Plant Protection, Agricultural Sciences and Natural Resources University of Khuzestan, Mollasani, 6341773637, Ahvaz, Iran
Submission date: 2020-11-13
Acceptance date: 2021-02-01
Online publication date: 2021-02-16
The ability of parasitoids in locating hosts determines their success in suppressing the pest population. Chemical stimuli emitted from food products and hosts provoke the searching behavior of parasitoids. Anisopteromalus calandrae (Howard) (Hymenoptera: Pteromalidae) is a generalist idiobiont ectoparasitoid of coleopteran pests in stored products. In the current study, the behavioral responses of A. calandrae females were evaluated regarding host food and different life stages of the host, Callosobruchus maculatus F. (Coleoptera: Chrysomelidae), using a Y-tube olfactometer.

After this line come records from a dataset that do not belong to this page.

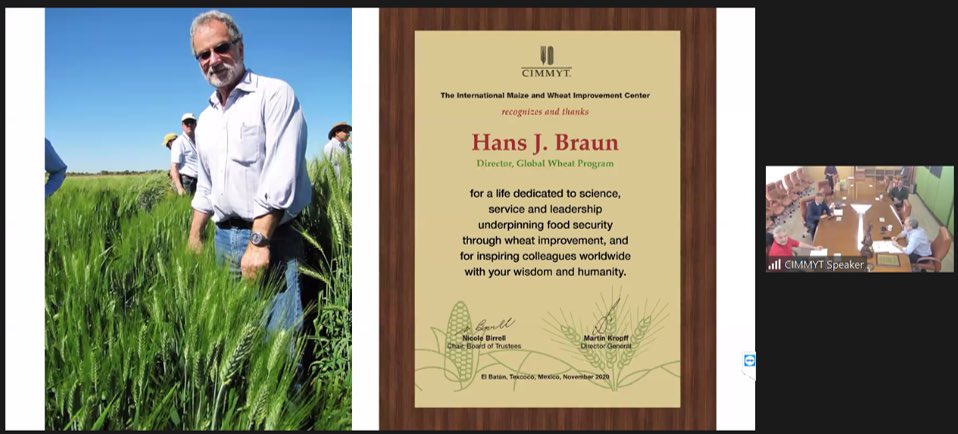 KropffMartin's tweet photo. Hans Braun, Director Global Wheat Program, thank you and congratulations on a 40 year-long career at @CIMMYT and impact across the globe's wheat fields! 
I wish you the best for your retirement. 
Wheat research &amp; CIMMYT will not be the same without you! https://t.co/oOfRhxHnxE https://t.co/HNthWUXV9w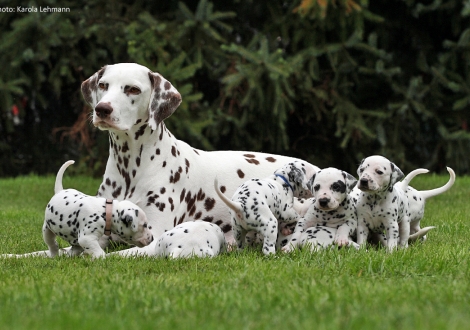 Christi ORMOND Incognito Celebrity with her Christi ORMOND P - Litter 4th week of life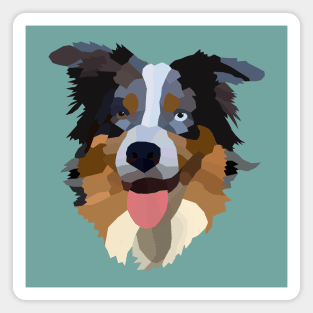 Blue Australian shepherd Magnet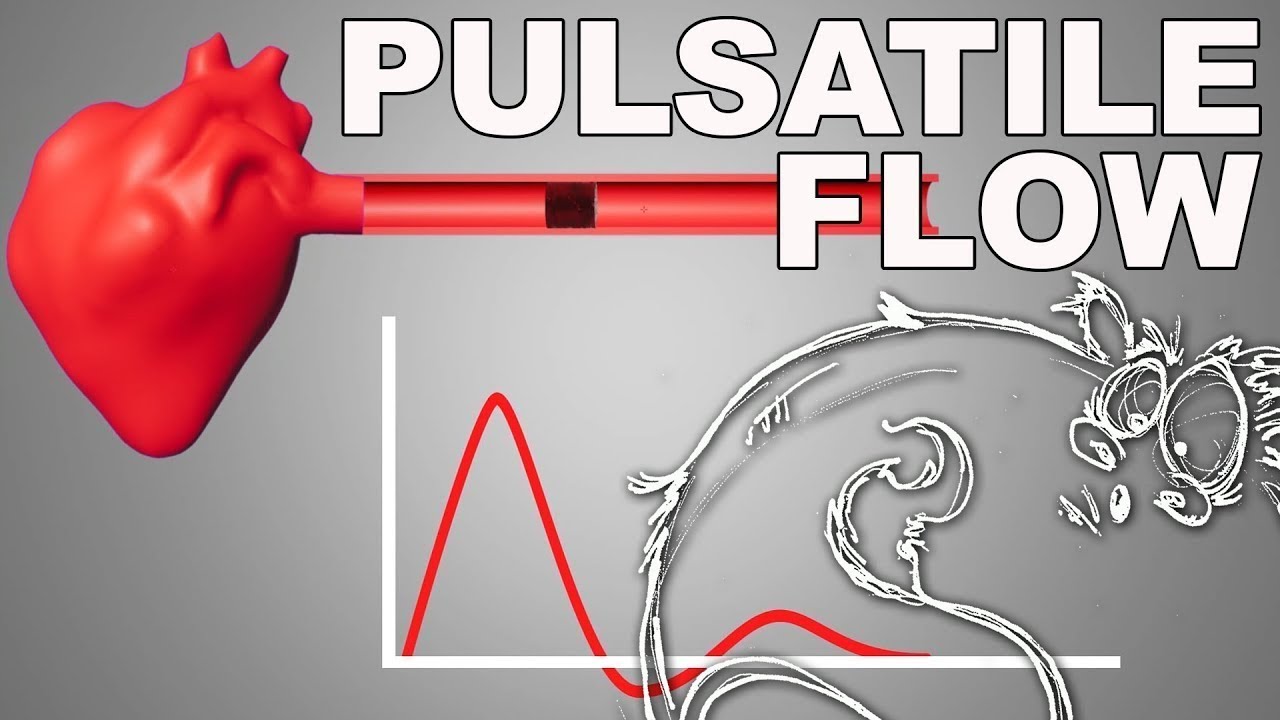 Pulsatile Flow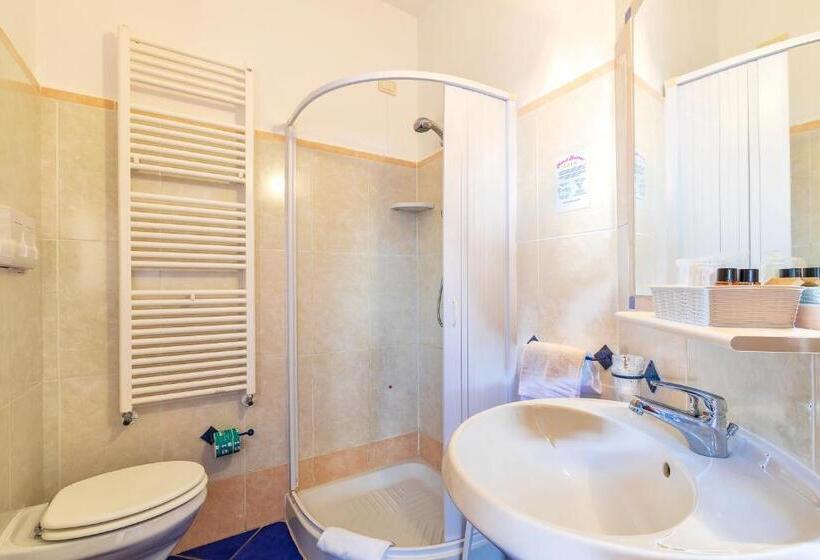 חדר סטנדרט, Bonsai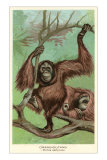 Orangutan Poster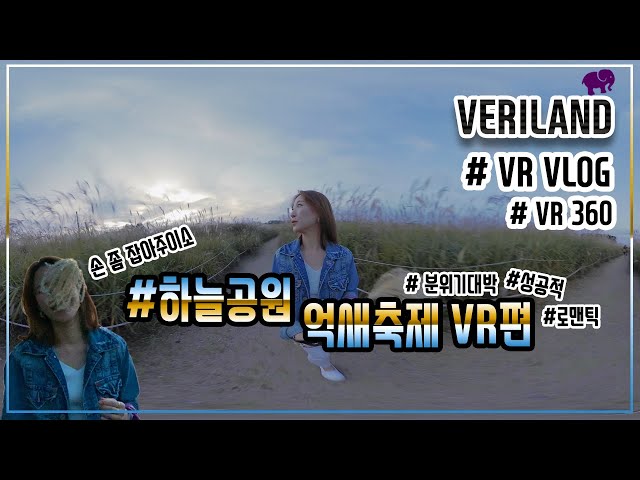 하늘공원 억새축제 VR로 만나요:D[2019/하늘공원/억새축제/VR/vlog/일상브이로그/핑크뮬리/PinkMuhlyGrass/粉色芒草/SeoulFestival/VERILOG]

The parasitoid was offered uninfested chickpea kernels, damaged chickpea without larvae of C. maculatus, damaged chickpea with preferred stage (4th instar) larvae of C. maculatus, uninfested chickpea + C. maculatus adults, and eggs of C. maculatus on chickpea. In another test, the preference of A. calandrae for either damaged chickpea without larva of C. maculatus or damaged chickpea with non-preferred stage (1st instar) larvae of C. maculatus was studied. The results showed that the females did not prefer uninfested chickpea kernels and adults of C. maculatus. However, they were attracted to damaged kernels with or without larvae, and the kernels containing eggs of C. maculatus. When the female parasitoids had a choice between damaged chickpea without larva of C. maculatus and damaged chickpea with 1st instar larva, they did not prefer one over the other. The results of this investigation can be helpful for using A. calandrae as a biological control agent in stored products.
The authors have declared that no conflict of interests exist.